## Prove me wrong

For students of class 11-12 (age 16+)
tanvirab
Posts: 446
Joined: Tue Dec 07, 2010 2:08 am

### Re: Prove me wrong

Actually it is undefined. Division is defined as multiplication by inverse, and there is no multiplicative inverse of zero. So division by zero is undefined.

Abdul Muntakim Rafi
Posts: 173
Joined: Tue Mar 29, 2011 10:07 pm

### Re: Prove me wrong

I agree with Masum bhai.
$a/b=c$
$a=b c$
Now if you take a and b to be 0 then
$0=0*c$
It is satisfied for any value of c. So we can't determine the value of c here. So it is undetermined.

Again,
$a = b c$
$R= 0* c$
Now if take a to be a any number(except 0) and b to be 0. you can't find any value of c. Its horrible. We can't define c using any of our logic. So its undefined.
Man himself is the master of his fate...

tanvirab
Posts: 446
Joined: Tue Dec 07, 2010 2:08 am

### Re: Prove me wrong

Abdul Muntakim Rafi wrote:I agree with Masum bhai.
$a/b=c$
$a=b c$
Now if you take a and b to be 0 then
Then your first line $a/b$ is undefined (not undetermined). The word undetermined has a very specific meaning; it means something is definable, but cannot determined. You cannot define something else like $a/b$ where $b \neq 0$ and then take $b = 0$.

Abdul Muntakim Rafi
Posts: 173
Joined: Tue Mar 29, 2011 10:07 pm

### Re: Prove me wrong

Bhaiya, we can't define $x/0$ where x is not equal to 0.
but we can define $0/0$
The above process proves that... Yet we can't determine the value... so $indeterminate$ ...
Maybe the convention is to use the term $indeterminate$... However, I meant $indeterminate$ by $undetermined$....
Man himself is the master of his fate...

tanvirab
Posts: 446
Joined: Tue Dec 07, 2010 2:08 am

### Re: Prove me wrong

Abdul Muntakim Rafi wrote:Bhaiya, we can't define $x/0$ where x is not equal to 0.
but we can define $0/0$
The above process proves that...
The above process is wrong.

tanvirab
Posts: 446
Joined: Tue Dec 07, 2010 2:08 am

### Re: Prove me wrong

Lets start from definitions.

Multiplicative inverse: The multiplicative inverse of a number $x$ is a number $y$ such that $xy=1$.
Division: The division of a number $x$ by a number $y$ is $xy^{-1}$ where $y^{-1}$ is the multiplicative inverse of $y$.
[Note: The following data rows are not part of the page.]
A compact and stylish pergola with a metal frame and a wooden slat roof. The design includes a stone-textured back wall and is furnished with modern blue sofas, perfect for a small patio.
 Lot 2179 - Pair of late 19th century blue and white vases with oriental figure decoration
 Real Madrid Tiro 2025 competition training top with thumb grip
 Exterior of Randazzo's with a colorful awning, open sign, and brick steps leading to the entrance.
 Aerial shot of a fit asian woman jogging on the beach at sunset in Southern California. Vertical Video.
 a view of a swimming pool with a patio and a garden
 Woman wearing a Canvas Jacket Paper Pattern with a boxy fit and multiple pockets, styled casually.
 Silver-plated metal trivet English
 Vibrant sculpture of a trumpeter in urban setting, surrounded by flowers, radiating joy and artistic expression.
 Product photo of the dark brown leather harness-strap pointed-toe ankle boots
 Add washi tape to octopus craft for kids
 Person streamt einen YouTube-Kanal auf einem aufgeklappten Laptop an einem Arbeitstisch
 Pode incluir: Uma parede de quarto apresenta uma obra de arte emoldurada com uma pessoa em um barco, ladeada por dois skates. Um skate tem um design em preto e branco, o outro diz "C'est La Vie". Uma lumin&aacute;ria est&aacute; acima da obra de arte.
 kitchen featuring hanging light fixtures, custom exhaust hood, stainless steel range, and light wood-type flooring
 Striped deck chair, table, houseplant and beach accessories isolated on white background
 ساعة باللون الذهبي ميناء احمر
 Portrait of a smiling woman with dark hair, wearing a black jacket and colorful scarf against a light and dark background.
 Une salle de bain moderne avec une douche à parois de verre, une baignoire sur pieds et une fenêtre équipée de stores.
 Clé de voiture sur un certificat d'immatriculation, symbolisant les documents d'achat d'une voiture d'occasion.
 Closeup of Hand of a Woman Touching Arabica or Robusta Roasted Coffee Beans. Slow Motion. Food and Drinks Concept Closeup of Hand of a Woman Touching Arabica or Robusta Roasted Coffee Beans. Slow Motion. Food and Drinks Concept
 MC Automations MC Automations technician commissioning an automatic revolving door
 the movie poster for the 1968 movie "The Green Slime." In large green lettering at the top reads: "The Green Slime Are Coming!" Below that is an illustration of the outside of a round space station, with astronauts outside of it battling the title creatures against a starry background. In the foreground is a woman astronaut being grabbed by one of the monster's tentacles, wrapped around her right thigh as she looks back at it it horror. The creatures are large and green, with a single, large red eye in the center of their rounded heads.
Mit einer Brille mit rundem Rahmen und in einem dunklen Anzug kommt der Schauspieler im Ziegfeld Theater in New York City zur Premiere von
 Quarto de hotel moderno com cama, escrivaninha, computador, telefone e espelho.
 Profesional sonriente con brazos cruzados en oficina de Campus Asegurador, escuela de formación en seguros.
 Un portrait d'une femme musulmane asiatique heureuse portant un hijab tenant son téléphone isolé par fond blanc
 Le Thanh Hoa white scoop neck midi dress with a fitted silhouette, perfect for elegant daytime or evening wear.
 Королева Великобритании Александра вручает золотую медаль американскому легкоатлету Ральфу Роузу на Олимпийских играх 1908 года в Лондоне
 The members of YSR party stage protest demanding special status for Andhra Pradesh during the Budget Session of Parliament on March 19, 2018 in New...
So you see dividing by $0$ is not defined because it has no multiplicative inverse.

tanvirab
Posts: 446
Joined: Tue Dec 07, 2010 2:08 am

### Re: Prove me wrong

We usually write the multiplicative inverse of $x$ as $1/x$.

You process is wrong because you first write $a/b$ which actually means $a \times \frac{1}{b}$. Now you cannot take $b=0$ because there is no such thing as $1/0$.

Abdul Muntakim Rafi
Posts: 173
Joined: Tue Mar 29, 2011 10:07 pm

### Re: Prove me wrong

Why $0$ doesn't have any multiplicative inverse?
Man himself is the master of his fate...

tanvirab
Posts: 446
Joined: Tue Dec 07, 2010 2:08 am

### Re: Prove me wrong

Look at the definition. Is it possible for $0$ to have a multiplicative inverse?

Masum
Posts: 592
Joined: Tue Dec 07, 2010 1:12 pm
But I think definitions as usual makes not that much sense in real. If $\frac10$ was real, it must be a real number, say it is $x$. Then we could say, $x.0=1$
But that is impossible for any $x\in\mathbb R$. So, it never can be a real number. Hope it makes a better sense.
One one thing is neutral in the universe, that is $0$.